Create a sparse, clustered graph from a distance matrix

This function is the set-up function for precise_viz. It creates and clusters a sparsified t-SNE graph through the following gerneral steps. See details for more specific information.

Run several iterations of t-SNE on the input data.
Compute the random forest similarity for each t-SNE iteration output.
Fuse the random forest similarities using distatis.
Sparsify the fused matrix using Sparsify.matrix(k = perplexity).
Cluster the graph using cluster_louvain.

precise_graph(data, method = 1, distance = TRUE, n_neighbors = 15,
  spread = 1, min_dist = 0.01, bandwidth = 1, parallel = FALSE,
  verbose = FALSE)

Arguments

data	A square, numeric dataframe, matrix or tibble.
verbose	TRUE or FALSE. Should the function tell you what is happening internally?
perplexity	A positive integer that loosely equates to the number of nearest neighboors. See details.
theta	A positive numeric value between 0-1 that toggles between exact t-SNE and Barnes-Hut t-SNE. See details.
max_iter	A positive integer for the number of iterations. See details.
cores	An integer value equal to 1 or greater for the number of computer cores to use.

Value

A list with four objects: tsne_dist = a matrix of the the distatis fusion of random forest similarities computed the t-SNE results, tsne_d2 = a tibble with the 2D t-SNE results, tsne_d3 = a tibble with the 3D t-SNE results, precise_clusters = a tibble of the louvain clustering.

Details

This function has a lot going on underneath the hood, and some of the parameters which may seem familiar to many users are being used in ways one might not expect:

perplexity sets both the perplexity paramater for Rtsne as well as k for Sparsify.matrix.
theta toggles between two versions of t-SNE. If theta = 0.0, a modified version of tsne is run where instead of using the perplexity parameter Sparsify.matrix(k = perplexity) is run on the input matrix. If theta > 0.0, Rtsne is run.
max_iter sets both the number of iterations for t-SNE and the number of trees for randomForest.
cores has a maximum useful setting of 4.

References

Muchmore, B., Muchmore P. and Alarcón-Riquelme ME. (2018).
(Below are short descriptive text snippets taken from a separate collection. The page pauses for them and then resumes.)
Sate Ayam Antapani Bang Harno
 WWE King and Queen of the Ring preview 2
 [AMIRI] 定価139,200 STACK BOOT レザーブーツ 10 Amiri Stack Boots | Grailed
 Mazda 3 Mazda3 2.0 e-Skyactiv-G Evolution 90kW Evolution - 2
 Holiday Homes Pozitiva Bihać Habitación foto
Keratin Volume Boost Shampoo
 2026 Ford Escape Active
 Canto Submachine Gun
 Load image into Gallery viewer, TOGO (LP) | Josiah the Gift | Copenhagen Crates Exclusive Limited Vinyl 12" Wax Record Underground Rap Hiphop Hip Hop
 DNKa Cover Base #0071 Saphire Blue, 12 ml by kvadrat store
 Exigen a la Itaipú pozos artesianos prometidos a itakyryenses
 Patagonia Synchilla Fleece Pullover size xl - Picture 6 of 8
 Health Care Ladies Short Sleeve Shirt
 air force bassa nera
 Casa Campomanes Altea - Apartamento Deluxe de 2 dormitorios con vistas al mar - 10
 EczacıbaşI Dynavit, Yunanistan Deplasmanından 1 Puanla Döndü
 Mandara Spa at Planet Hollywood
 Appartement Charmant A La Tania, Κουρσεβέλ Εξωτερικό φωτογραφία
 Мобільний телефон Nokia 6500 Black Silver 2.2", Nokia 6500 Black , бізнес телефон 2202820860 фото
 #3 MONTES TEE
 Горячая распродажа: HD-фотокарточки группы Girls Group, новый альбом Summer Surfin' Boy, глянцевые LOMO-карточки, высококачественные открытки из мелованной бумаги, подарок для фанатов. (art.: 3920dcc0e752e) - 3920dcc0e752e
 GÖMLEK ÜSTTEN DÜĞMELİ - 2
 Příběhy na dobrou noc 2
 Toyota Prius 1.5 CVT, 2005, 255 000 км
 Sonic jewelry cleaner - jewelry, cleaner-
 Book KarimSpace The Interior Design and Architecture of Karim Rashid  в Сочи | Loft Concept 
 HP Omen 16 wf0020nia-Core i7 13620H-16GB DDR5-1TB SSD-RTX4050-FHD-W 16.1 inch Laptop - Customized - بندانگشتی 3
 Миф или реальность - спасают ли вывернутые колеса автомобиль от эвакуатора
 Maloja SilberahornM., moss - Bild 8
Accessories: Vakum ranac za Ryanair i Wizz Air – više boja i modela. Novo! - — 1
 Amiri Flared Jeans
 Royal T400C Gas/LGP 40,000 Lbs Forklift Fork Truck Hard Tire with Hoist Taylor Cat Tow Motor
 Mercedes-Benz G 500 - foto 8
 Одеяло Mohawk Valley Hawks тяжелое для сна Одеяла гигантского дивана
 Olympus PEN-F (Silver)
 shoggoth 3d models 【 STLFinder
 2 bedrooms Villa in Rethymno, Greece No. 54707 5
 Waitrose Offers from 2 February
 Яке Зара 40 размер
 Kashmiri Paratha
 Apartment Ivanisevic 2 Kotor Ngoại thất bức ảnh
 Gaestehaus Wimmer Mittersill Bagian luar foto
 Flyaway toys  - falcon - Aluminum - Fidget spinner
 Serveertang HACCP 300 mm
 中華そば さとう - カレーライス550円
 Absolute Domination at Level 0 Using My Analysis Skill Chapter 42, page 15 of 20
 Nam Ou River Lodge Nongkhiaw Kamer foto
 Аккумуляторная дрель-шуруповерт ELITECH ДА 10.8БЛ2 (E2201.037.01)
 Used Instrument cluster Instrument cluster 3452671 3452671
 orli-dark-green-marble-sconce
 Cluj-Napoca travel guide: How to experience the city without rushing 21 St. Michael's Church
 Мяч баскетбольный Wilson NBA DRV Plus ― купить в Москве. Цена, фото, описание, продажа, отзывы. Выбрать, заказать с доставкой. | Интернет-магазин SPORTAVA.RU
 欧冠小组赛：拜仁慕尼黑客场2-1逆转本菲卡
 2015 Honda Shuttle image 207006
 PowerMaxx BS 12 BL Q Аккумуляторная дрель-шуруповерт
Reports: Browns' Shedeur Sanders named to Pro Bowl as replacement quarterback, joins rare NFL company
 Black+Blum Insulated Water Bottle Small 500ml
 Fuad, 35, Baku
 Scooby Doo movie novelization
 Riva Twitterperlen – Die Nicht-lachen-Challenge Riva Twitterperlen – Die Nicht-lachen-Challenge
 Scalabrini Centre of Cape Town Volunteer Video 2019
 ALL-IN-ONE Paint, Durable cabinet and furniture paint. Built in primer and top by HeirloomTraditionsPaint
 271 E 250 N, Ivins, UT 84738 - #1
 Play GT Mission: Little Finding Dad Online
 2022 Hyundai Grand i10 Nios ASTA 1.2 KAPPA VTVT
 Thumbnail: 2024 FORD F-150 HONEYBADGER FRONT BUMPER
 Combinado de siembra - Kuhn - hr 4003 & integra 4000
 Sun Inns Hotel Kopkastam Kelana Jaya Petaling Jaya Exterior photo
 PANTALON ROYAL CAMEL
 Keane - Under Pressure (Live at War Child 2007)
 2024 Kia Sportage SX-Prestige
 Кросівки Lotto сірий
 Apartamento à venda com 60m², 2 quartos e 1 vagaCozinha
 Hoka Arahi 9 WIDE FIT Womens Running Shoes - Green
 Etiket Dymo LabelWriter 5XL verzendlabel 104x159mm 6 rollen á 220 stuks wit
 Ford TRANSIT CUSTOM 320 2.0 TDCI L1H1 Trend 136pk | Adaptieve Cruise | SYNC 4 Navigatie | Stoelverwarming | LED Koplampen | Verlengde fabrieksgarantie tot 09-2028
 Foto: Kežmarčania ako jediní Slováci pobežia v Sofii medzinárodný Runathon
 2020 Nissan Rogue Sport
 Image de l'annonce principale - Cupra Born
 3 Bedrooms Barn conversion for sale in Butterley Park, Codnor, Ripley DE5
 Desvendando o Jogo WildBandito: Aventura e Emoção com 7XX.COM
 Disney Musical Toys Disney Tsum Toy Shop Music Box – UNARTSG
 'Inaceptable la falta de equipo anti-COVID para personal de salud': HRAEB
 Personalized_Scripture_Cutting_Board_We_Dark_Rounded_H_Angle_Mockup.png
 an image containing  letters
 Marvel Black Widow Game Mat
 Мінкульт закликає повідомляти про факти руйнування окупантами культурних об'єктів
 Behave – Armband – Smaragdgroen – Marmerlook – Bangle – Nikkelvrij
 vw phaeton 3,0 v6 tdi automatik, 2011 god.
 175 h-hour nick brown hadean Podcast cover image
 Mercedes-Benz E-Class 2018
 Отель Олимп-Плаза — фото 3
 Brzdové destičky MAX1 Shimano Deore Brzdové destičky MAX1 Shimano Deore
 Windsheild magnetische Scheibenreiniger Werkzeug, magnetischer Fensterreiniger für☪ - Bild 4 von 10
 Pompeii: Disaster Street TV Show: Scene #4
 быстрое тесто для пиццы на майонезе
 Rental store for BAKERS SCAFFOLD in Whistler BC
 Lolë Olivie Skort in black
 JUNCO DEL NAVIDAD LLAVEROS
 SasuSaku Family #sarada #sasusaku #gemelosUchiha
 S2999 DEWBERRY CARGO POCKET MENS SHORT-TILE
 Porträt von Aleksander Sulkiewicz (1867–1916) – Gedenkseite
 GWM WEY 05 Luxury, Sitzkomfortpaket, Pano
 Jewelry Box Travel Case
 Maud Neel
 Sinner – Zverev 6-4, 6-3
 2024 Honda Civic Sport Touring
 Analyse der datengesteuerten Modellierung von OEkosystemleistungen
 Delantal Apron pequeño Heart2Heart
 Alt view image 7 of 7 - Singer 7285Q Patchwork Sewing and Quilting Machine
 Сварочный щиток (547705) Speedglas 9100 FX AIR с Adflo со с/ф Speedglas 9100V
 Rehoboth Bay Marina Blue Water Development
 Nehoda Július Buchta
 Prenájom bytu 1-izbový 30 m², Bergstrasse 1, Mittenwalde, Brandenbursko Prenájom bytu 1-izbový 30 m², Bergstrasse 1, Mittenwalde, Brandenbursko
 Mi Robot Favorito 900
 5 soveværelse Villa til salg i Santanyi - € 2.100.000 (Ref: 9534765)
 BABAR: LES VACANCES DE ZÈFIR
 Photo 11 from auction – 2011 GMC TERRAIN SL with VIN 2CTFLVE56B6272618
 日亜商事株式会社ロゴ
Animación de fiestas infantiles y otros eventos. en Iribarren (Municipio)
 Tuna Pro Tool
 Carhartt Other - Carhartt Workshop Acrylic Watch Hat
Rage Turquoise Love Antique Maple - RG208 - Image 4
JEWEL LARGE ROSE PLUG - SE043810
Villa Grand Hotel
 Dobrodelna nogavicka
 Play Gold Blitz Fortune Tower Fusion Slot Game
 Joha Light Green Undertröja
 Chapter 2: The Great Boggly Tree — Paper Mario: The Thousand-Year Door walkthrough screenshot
Optimal Distance Matrix Construction with PreciseDist and PreciseGraph.

Jesse H. Krijthe (2015). Rtsne: T-Distributed Stochastic Neighbor Embedding using a Barnes-Hut Implementation, URL: https://github.com/jkrijthe/Rtsne

Justin Donaldson (2016). tsne: T-Distributed Stochastic Neighbor Embedding for R (t-SNE). R package version 0.1-3. https://CRAN.R-project.org/package=tsne

Csardi G, Nepusz T: The igraph software package for complex network research, InterJournal, Complex Systems 1695. 2006. http://igraph.org

Examples

# NOT RUN {
library(PreciseDist)

test_matrix <- replicate(10, rnorm(50))

test_distances <- test_matrix %>%
  precise_dist(dists = c("euclidean", "manhattan"))

test_fusion <- test_distances %>%
  precise_fusion(fusion = "distatis", verbose = TRUE)

test_graph <- test_fusion %>%
  precise_graph(perplexity = 5, theta = 0.5, max_iter = 1000, cores = 1, verbose = TRUE)
# }